Édouard Manet (1832-1883), Dead Toreador, 1867, etching in sepia tone ink. Brigham Young University Museum of Art, purchase/gift of Mahonri M. Young Estate, 1959.
French artist Édouard Manet was an influential force in 19th-century realism and early modernism. He produced starkly naturalistic images, such as this etching of a Spanish toreador killed in the bullfight arena.
This image derived from a larger painting Manet created that showed the dead toreador, a bull, and other fighters in a crowded arena. The larger scene of the gored fighter—his abrupt and unpleasant death emphasized by the diagonal, upside-down view—received strong criticism when it first debuted in 1864. Afterwards, Manet cut the painting into pieces, from which he made two separate images, including Dead Toreador.

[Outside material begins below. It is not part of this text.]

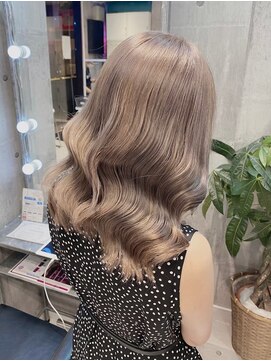 ワンズミラー 海老名店(ONE's MIRROR) ニュアンスカラー/ブリーチ/韓国/ダブルカラー[海老名駅]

He showed the revised painting in the Salon of 1867, this time to a more receptive audience, and likely created this etching shortly thereafter.
Marc Chagall (1887-1985), Moses and Aaron Before Pharaoh, 1956, etching. Brigham Young University Museum of Art, gift of R. Reed and Dorothy Fife Family, 2007.
Born in Russia to a deeply religious family, Marc Chagall created distinct dreamlike images rooted in folk art, childhood memories, and his Jewish heritage. Recognized as a pioneer of modernism, Chagall spent much of his career in Paris.
Chagall’s unique style is evident in this etching of the Exodus story. This print was part of a series of 105 Old Testament illustrations he created for a fames Parisian art dealer. Chagall spent two months in the Holy Land as preparation for the commission, an experience that awakened a deep connection with Jewish history, and a passion for Biblical narratives. His portrayal of the aged, earnest Moses petitioning the distant ruler for freedom evokes Chagall’s heartfelt witness of the oppression and genocide of his own Jewish people during the 20th century.
Albrecht Dürer (1471-1528), Presentation of the Virgin, 1505, woodcut. Brigham Young University Museum of Art, purchase/gift of Mahonri M. Young Estate, 1959.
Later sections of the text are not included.